Eventually, prevailing opinion turned against Mrs. Carmody herself, the only adult known to have entered and exited the play area after Noah climbed into the slide. Careful review of the security footage showed that as she left the play area, crying and calling for a manager, her coat momentarily bulged out as if concealing something. Mrs. Carmody said the bulge was a trick of the camera angle, and anyway it wasn't her fault that she'd had trouble losing Noah's baby weight. The police pointed out that she had run into the parking lot before finding a manager, out of sight of the security cameras, for which she could provide no explanation other than simple distress.

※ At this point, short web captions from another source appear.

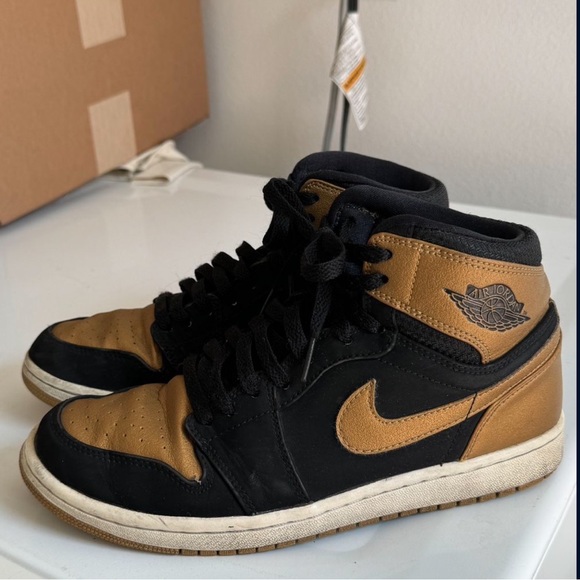 Air Jordan 1 Retro high Melo - Picture 3 of 4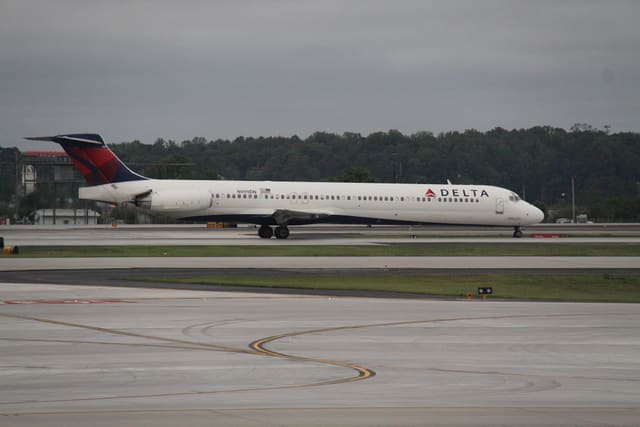 N999DN - Douglas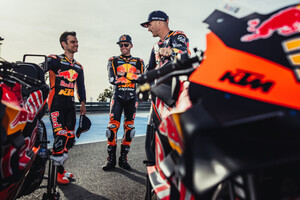 Dani Pedrosa im Gespräch mit Brad Binder und Jack Miller)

Anyway, Noah's body never turned up, and without any physical evidence the case against Mrs. Carmody never really got off the ground. The most notable outcome of the whole affair was a temporary dropoff in attendance at public playgrounds in general, and Burger Jack in particular. Matthias "Jack" Berg, the chain's founder, made a rare late-night TV appearance in an effort to restore public trust.
"We may never know exactly what happened to little Noah Carmody," he said, "but we are stepping up security measures to ensure that customers of all ages feel safe and welcome in our stores. It's the same reason we make every meal from fresh, sustainably-sourced ingredients."And he smiled for the camera.
And he bit into a juicy, tender little Burger Jack Slider.